■ How to complete this task
Nothing in the listing should be altered when it is copied, and no picture goes into the copy.
___
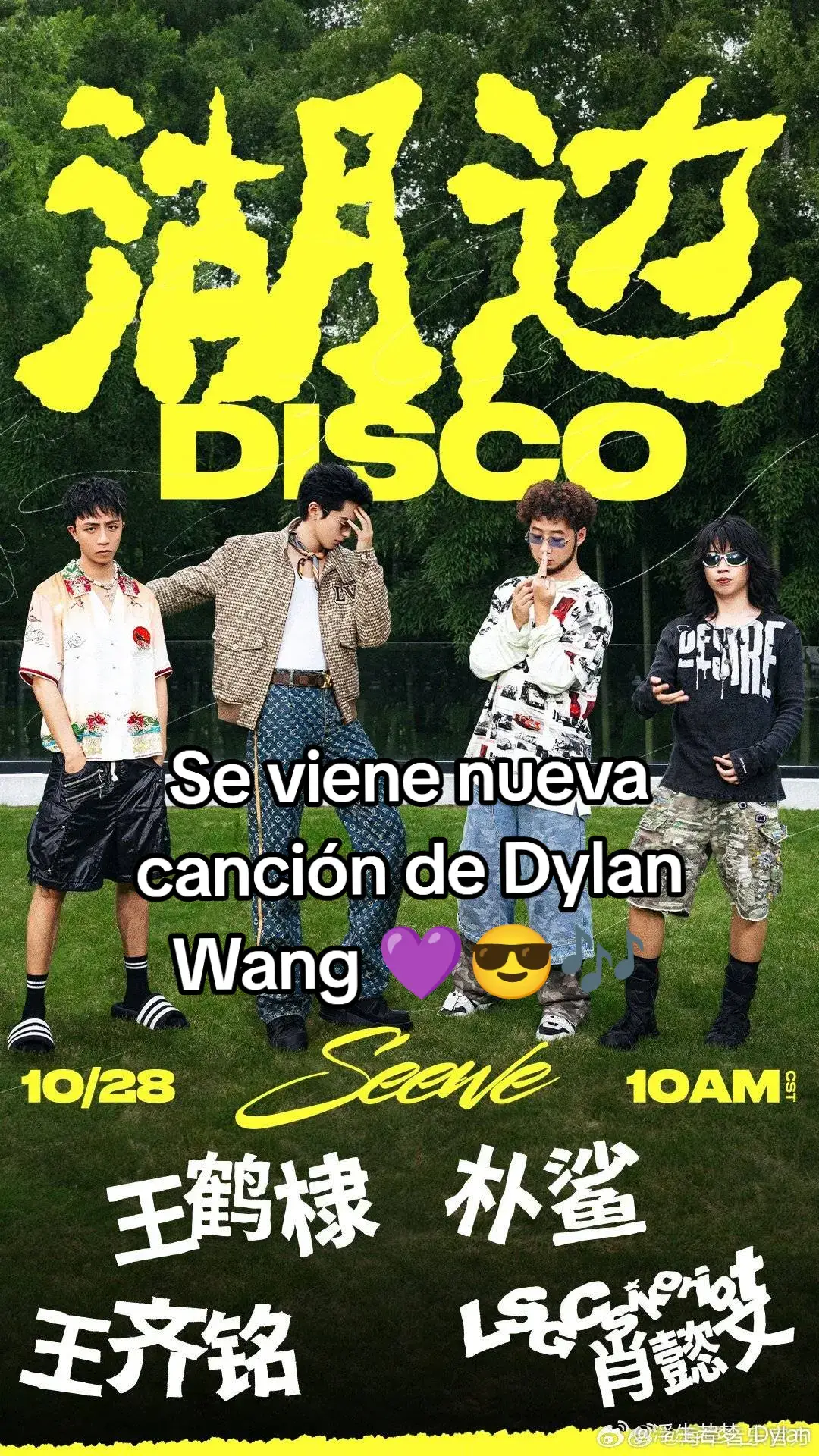 Este próximo 28 de octubre será el estreno mundial de su nueva canción ✨😍 Que siga teniendo mucho éxito en todo lo que le gusta hacer 💜🥰🙏 #dylanwang #dylanwang王鹤棣 #wanghedi #wanghedi王鹤棣 #cdramalover #cdramas #newsong #guapo #chineseactor 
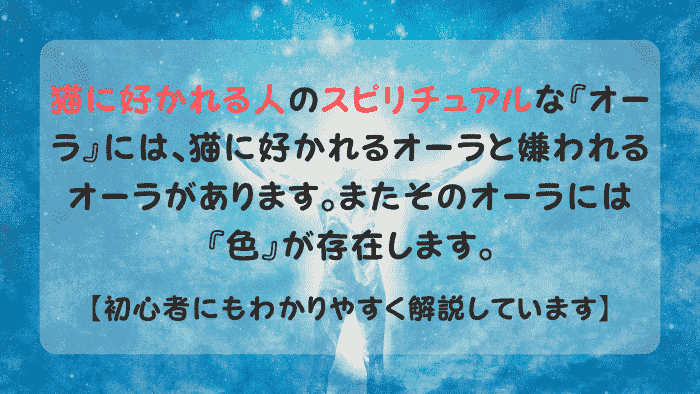 スピリチュアルなオーラを放つ人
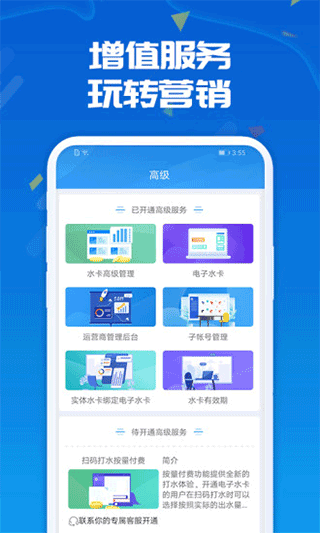 人人水站官方版图2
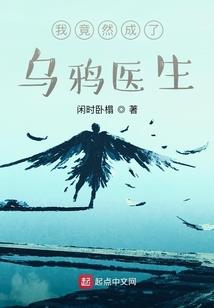 系统：开启攻略男主模式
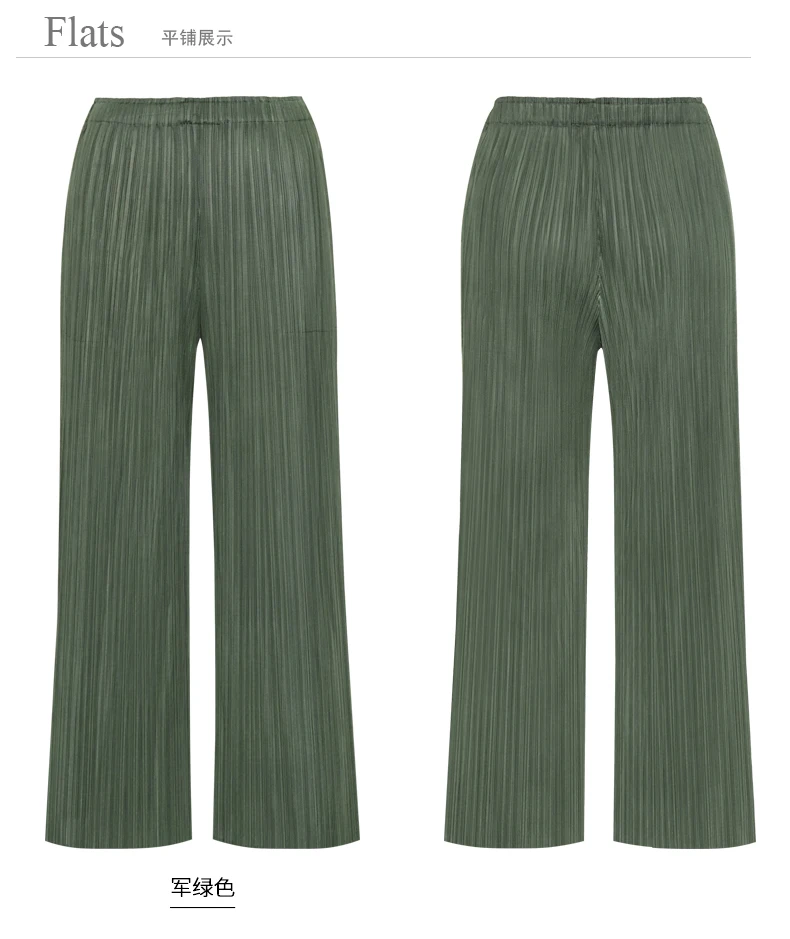 Miyake Pleated Straight Loose Pants Women's Casual Korean Fashion Basics Aesthetic Clothing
___
■ Response below
 Este próximo 28 de octubre será el estreno mundial de su nueva canción ✨😍 Que siga teniendo mucho éxito en todo lo que le gusta hacer 💜🥰🙏 #dylanwang #dylanwang王鹤棣 #wanghedi #wanghedi王鹤棣 #cdramalover #cdramas #newsong #guapo #chineseactor 
 スピリチュアルなオーラを放つ人
 人人水站官方版图2
 系统：开启攻略男主模式
 Miyake Pleated Straight Loose Pants Women's Casual Korean Fashion Basics Aesthetic Clothing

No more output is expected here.